_The data_:
· · · · ·
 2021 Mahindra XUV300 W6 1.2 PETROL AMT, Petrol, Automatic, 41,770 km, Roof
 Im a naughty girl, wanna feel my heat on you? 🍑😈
· · · · ·
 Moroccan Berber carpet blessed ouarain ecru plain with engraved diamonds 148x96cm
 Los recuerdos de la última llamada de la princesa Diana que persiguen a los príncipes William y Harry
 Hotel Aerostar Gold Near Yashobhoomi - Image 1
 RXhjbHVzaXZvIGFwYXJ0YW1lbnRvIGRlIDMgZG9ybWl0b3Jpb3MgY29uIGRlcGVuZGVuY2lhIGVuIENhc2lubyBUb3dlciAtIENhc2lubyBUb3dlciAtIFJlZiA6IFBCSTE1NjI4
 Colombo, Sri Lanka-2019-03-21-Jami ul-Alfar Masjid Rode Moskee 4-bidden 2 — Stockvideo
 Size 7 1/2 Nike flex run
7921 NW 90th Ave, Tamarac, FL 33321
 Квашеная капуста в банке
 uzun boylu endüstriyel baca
· · · · ·
_Requirement_:
Look above for the line holding "Квашеная капуста в банке" and the line holding "uzun boylu endüstriyel baca", then output exactly those two lines and every line between them, nothing more.

_Answer to this task_:
 Квашеная капуста в банке
 uzun boylu endüstriyel baca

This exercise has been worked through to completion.